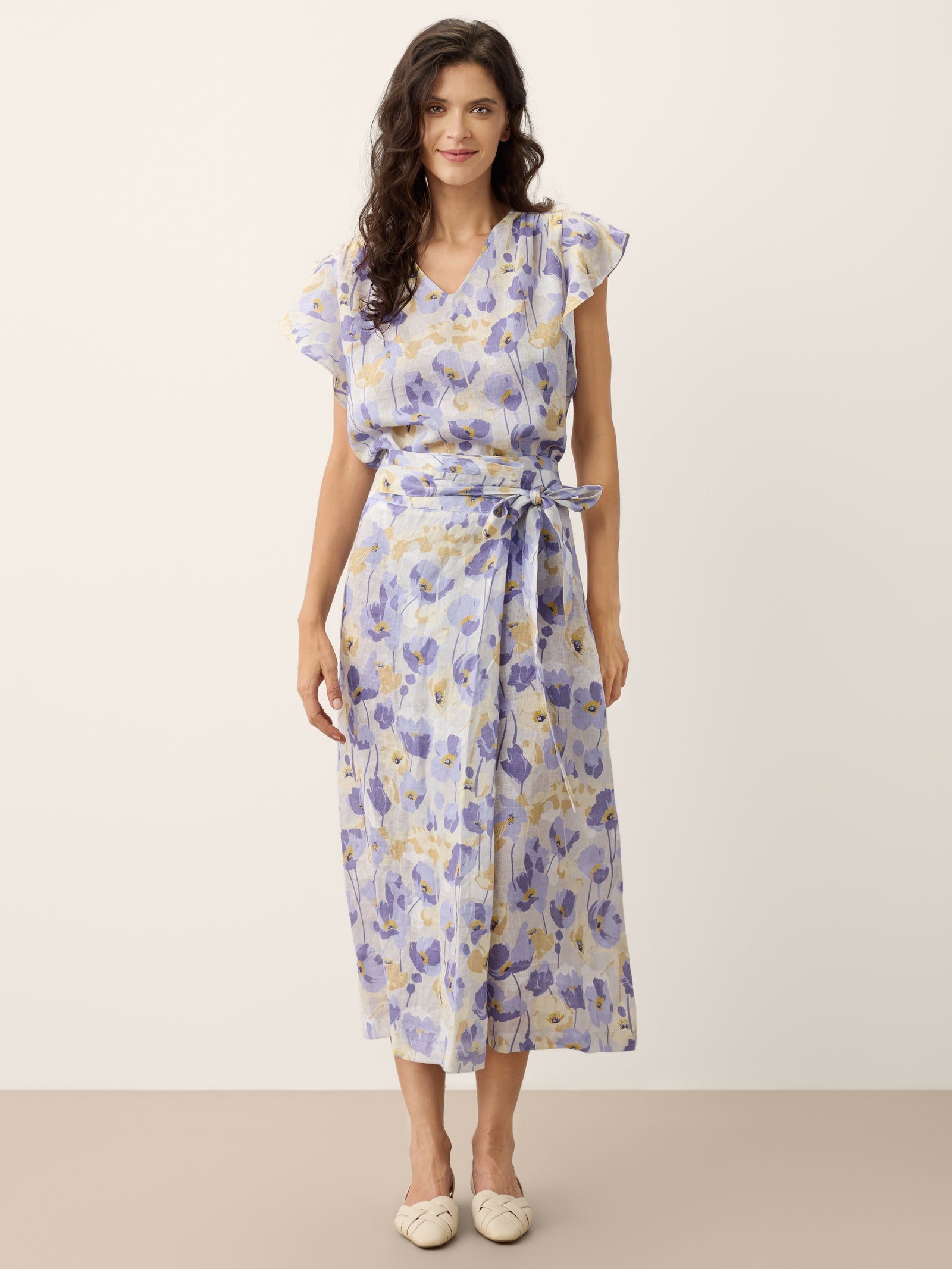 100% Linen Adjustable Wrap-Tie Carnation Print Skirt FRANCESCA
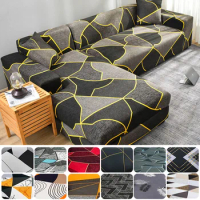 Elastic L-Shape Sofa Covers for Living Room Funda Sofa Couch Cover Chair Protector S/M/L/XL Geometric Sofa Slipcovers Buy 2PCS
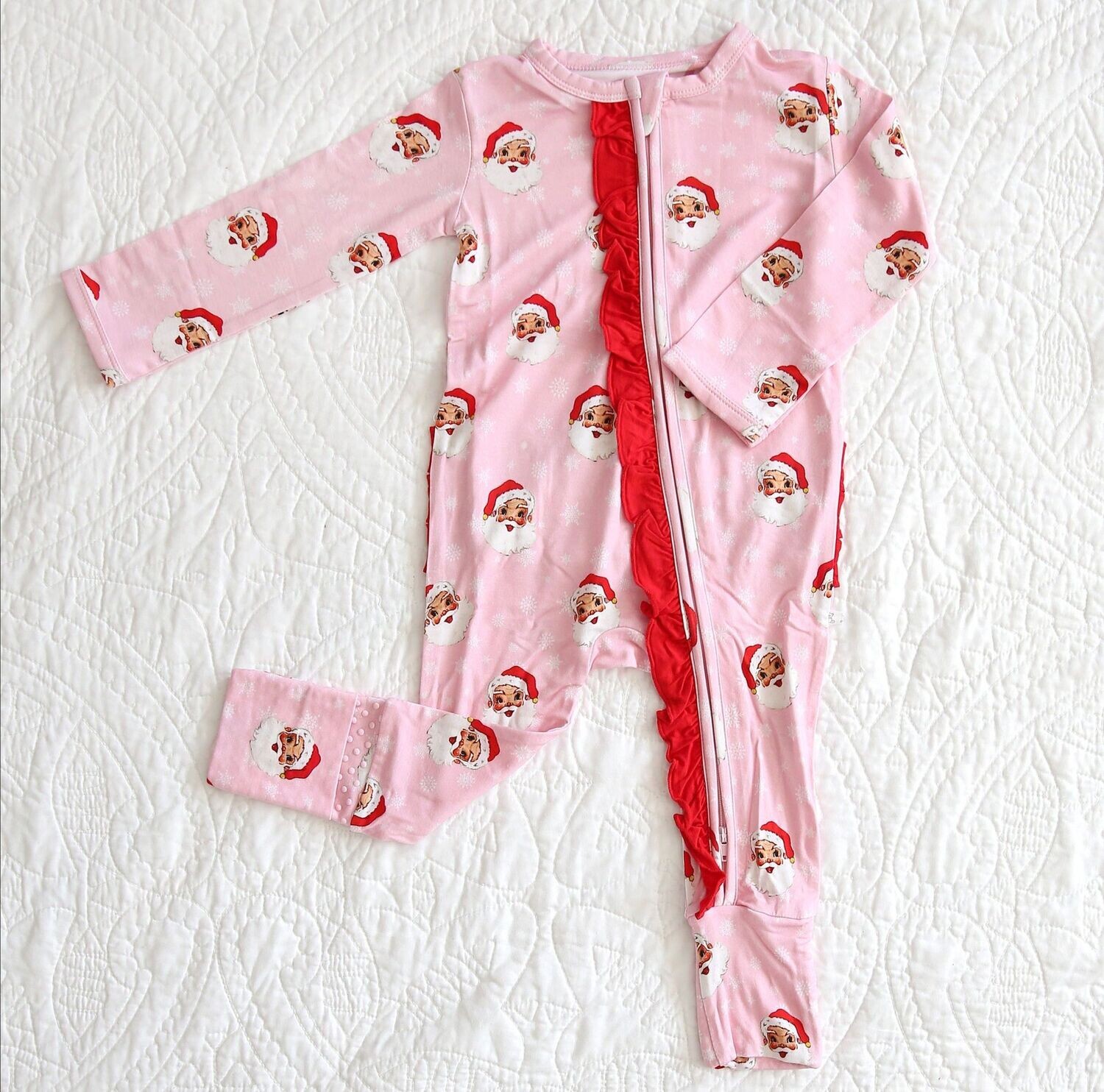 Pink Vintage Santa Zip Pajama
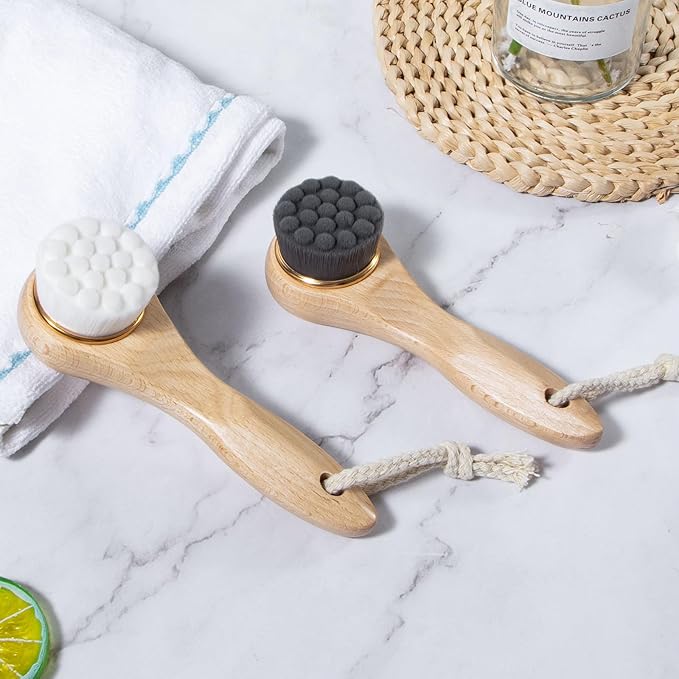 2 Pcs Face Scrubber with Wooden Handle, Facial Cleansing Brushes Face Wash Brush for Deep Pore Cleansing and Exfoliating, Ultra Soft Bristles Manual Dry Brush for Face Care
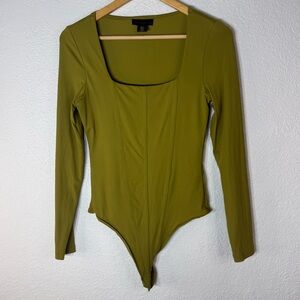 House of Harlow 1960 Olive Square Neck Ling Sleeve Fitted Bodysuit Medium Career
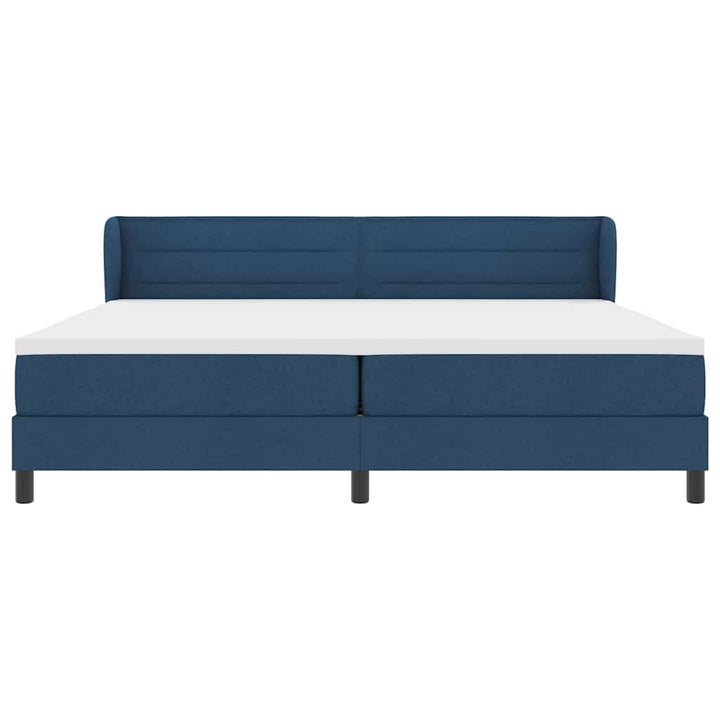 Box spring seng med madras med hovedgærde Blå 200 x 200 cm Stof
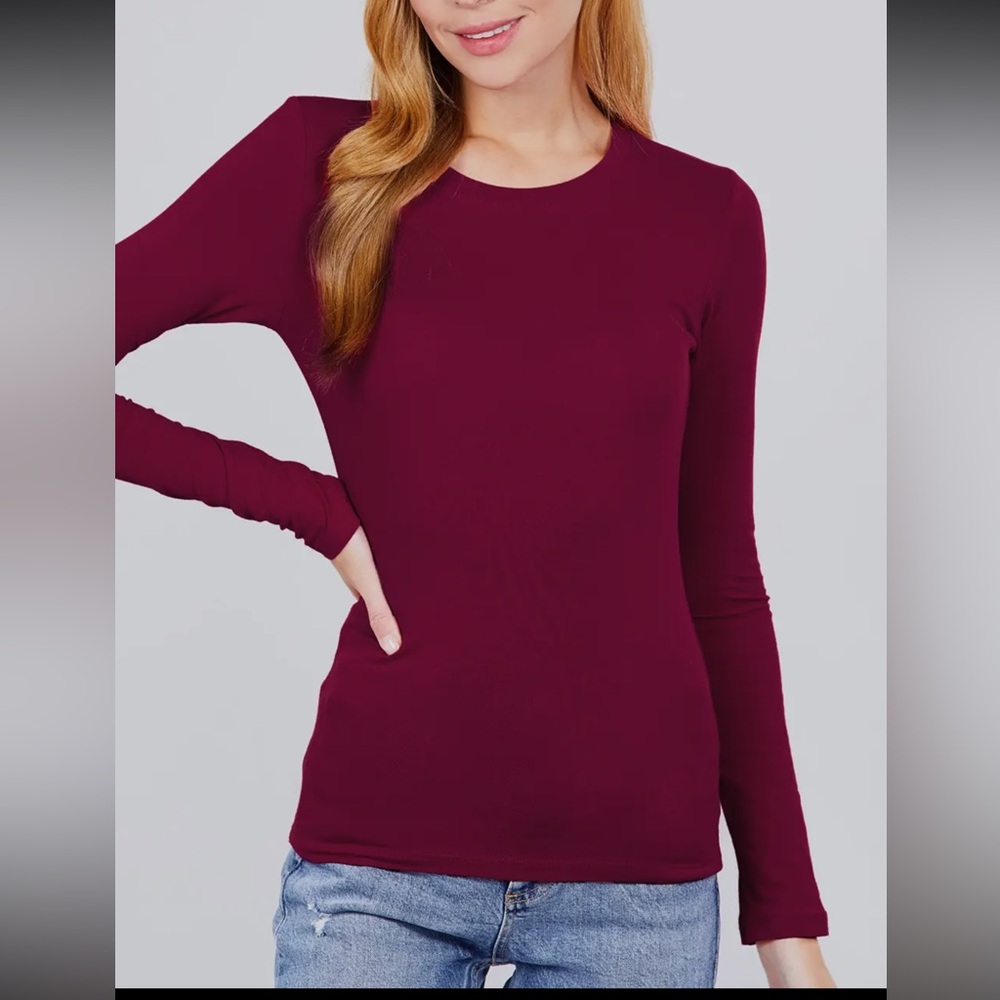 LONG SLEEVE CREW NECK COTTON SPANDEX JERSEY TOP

■ ■ ■ ■

Directions for this task — Pictures are to be omitted. Print exactly the lines from the line containing "Pink Vintage Santa Zip Pajama" through the final line of the material above, both included.

Written solution —
 Pink Vintage Santa Zip Pajama
 2 Pcs Face Scrubber with Wooden Handle, Facial Cleansing Brushes Face Wash Brush for Deep Pore Cleansing and Exfoliating, Ultra Soft Bristles Manual Dry Brush for Face Care
 House of Harlow 1960 Olive Square Neck Ling Sleeve Fitted Bodysuit Medium Career
 Box spring seng med madras med hovedgærde Blå 200 x 200 cm Stof
 LONG SLEEVE CREW NECK COTTON SPANDEX JERSEY TOP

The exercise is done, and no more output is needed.